▶ [Requirement]: Leaving out the pictures, return word for word the stretch of entries below from the line holding "815 Steele Road, Tontitown, AR 72762" through the line holding "Peugeot 208 2016 photo 4".

[Short text fragments from websites]
_ _ _ _

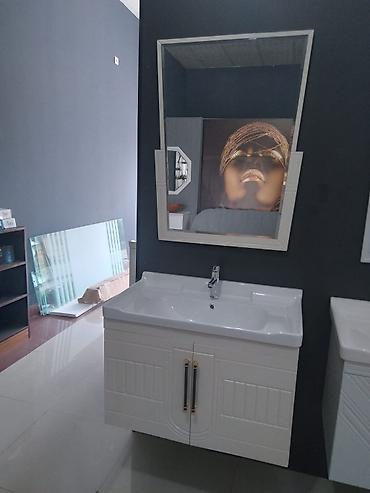 hamam ucun şkaf: Banyo mebeli və üzlük dəstləri - Müxtəlif dizaynda asma və döşəmə — 8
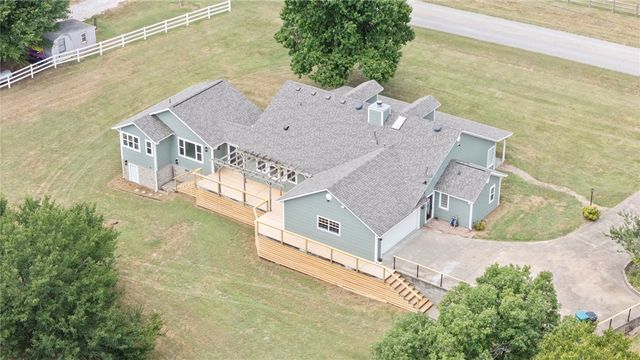 815 Steele Road, Tontitown, AR 72762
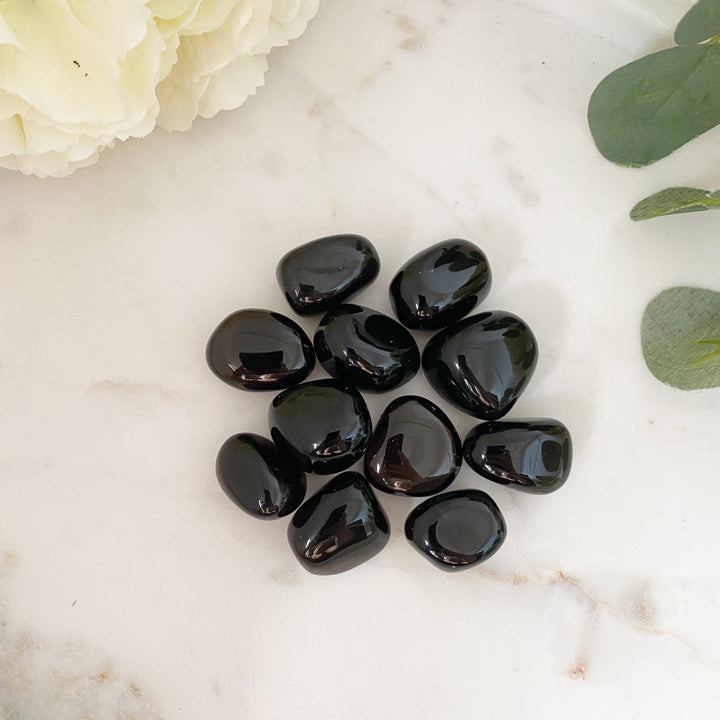 OBSIDIAN Svart Tromlet Stor 20-30 gram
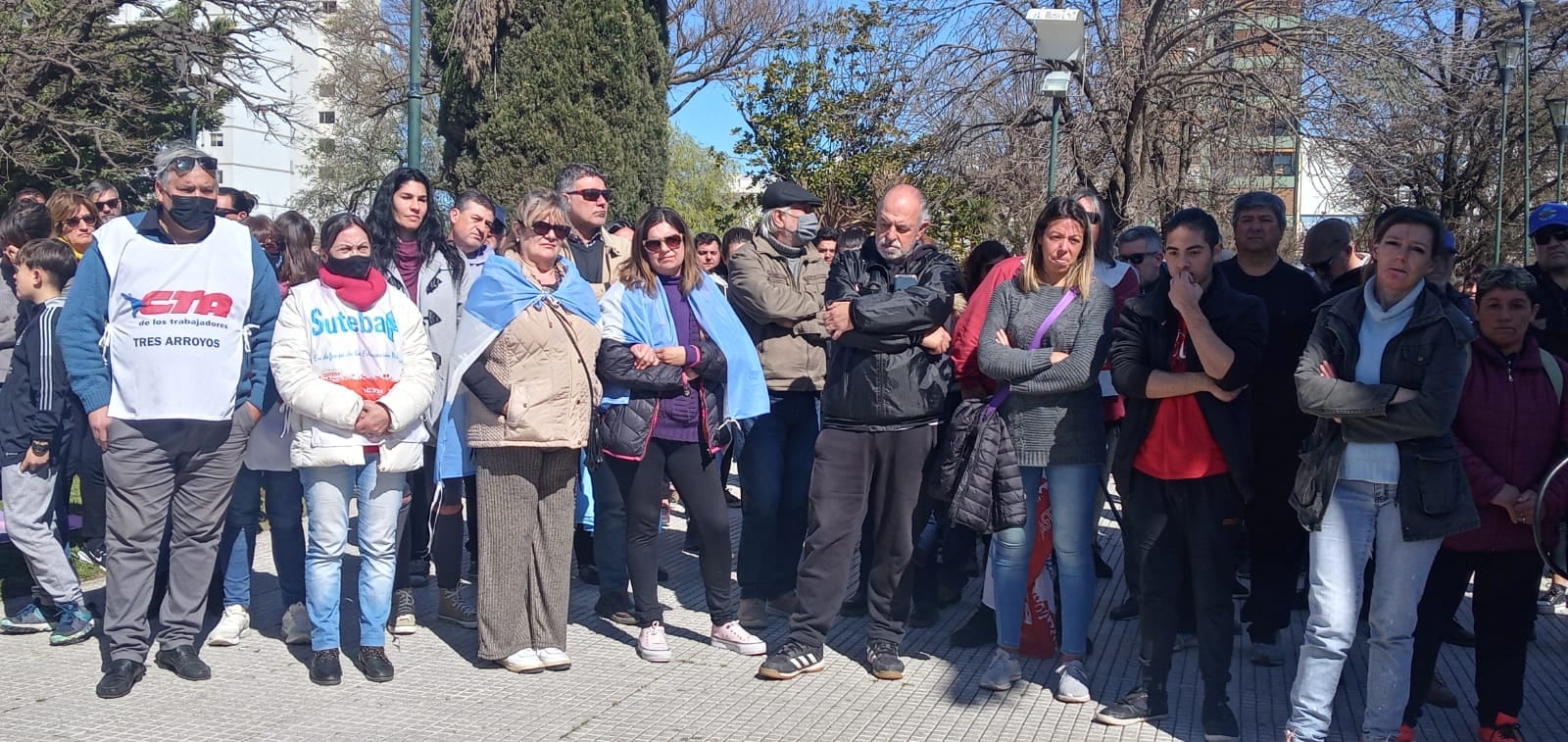 Tres Arroyos marcha en defensa de la democracia y en repudio al atentado contra Cristina Kirchner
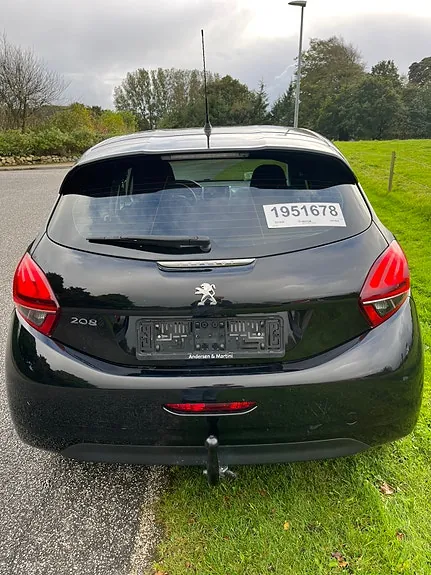 Peugeot 208 2016 photo 4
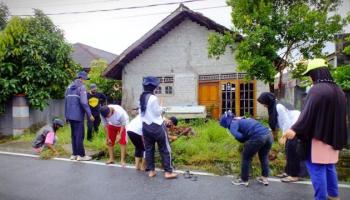 BANGKA TERKINI - PANGKALPINANG - Mahasiswa KKN UBB, Gotong Royong,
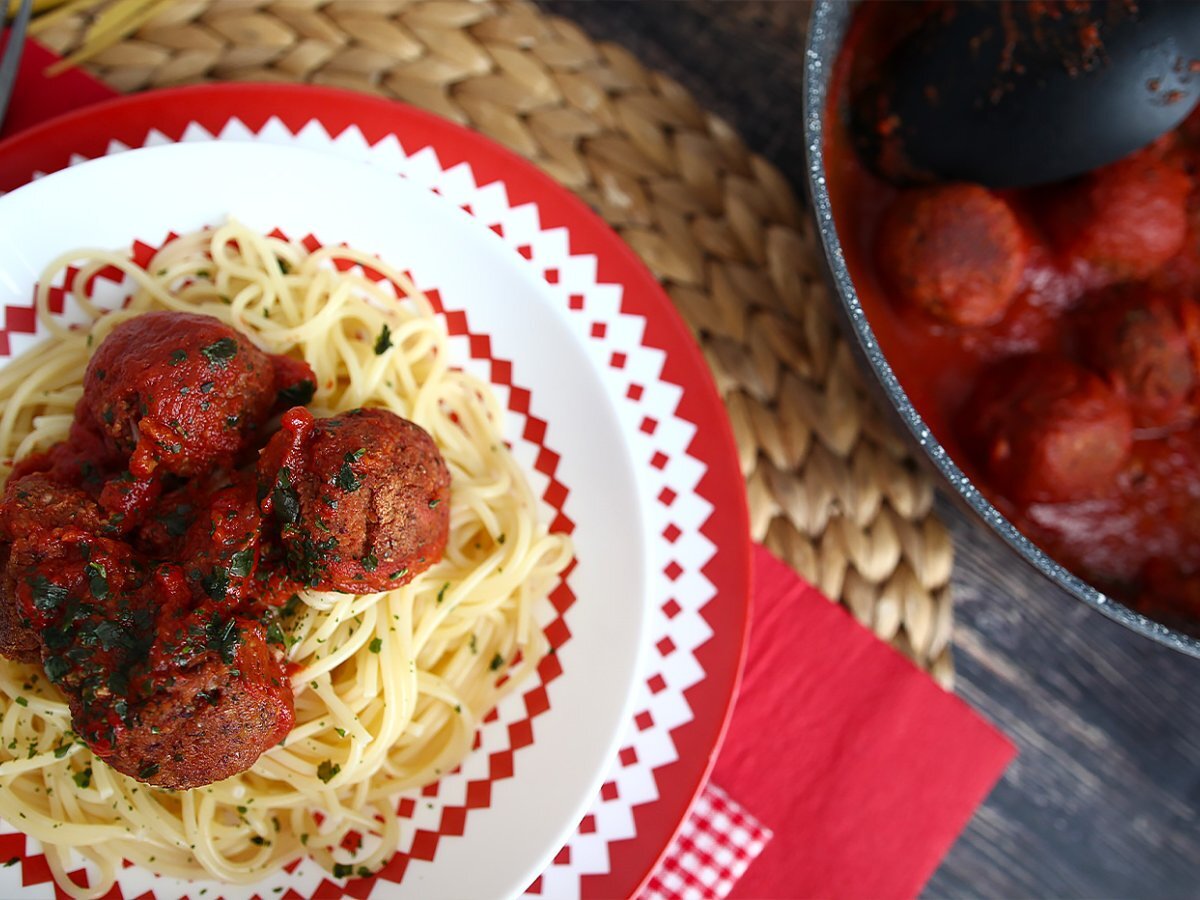 Vegetariska köttbullar av seitan med tomatsås - foto 2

_ _ _ _

▶ [Answer for this exercise]:
 815 Steele Road, Tontitown, AR 72762
 OBSIDIAN Svart Tromlet Stor 20-30 gram
 Tres Arroyos marcha en defensa de la democracia y en repudio al atentado contra Cristina Kirchner
 Peugeot 208 2016 photo 4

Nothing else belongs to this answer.